── Material provided
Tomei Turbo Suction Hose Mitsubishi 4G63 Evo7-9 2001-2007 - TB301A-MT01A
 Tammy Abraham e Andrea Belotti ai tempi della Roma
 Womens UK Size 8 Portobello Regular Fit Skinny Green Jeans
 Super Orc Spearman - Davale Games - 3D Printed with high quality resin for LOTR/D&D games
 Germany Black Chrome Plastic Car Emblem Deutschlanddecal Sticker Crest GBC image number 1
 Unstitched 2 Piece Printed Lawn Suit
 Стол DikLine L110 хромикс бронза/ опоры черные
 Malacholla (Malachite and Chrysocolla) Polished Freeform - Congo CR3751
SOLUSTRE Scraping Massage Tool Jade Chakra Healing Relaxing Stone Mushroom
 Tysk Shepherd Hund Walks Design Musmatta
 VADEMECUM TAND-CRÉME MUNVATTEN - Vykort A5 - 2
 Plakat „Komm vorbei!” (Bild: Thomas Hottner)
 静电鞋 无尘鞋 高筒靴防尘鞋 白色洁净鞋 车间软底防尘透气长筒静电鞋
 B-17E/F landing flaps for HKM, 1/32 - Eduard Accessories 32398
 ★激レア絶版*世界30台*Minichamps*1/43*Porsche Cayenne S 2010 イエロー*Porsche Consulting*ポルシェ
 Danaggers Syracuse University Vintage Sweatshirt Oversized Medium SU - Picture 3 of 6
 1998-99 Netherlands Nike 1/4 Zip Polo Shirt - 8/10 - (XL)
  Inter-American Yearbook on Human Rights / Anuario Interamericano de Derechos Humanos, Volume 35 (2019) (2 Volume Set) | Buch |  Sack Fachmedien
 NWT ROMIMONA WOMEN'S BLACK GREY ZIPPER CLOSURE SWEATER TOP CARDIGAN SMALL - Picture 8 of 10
────
From the line that has "VADEMECUM TAND-CRÉME MUNVATTEN" through the line that has "1998-99 Netherlands Nike", copy every line exactly as it appears above, and leave out all others.

**Task answer**.
 VADEMECUM TAND-CRÉME MUNVATTEN - Vykort A5 - 2
 Plakat „Komm vorbei!” (Bild: Thomas Hottner)
 静电鞋 无尘鞋 高筒靴防尘鞋 白色洁净鞋 车间软底防尘透气长筒静电鞋
 B-17E/F landing flaps for HKM, 1/32 - Eduard Accessories 32398
 ★激レア絶版*世界30台*Minichamps*1/43*Porsche Cayenne S 2010 イエロー*Porsche Consulting*ポルシェ
 Danaggers Syracuse University Vintage Sweatshirt Oversized Medium SU - Picture 3 of 6
 1998-99 Netherlands Nike 1/4 Zip Polo Shirt - 8/10 - (XL)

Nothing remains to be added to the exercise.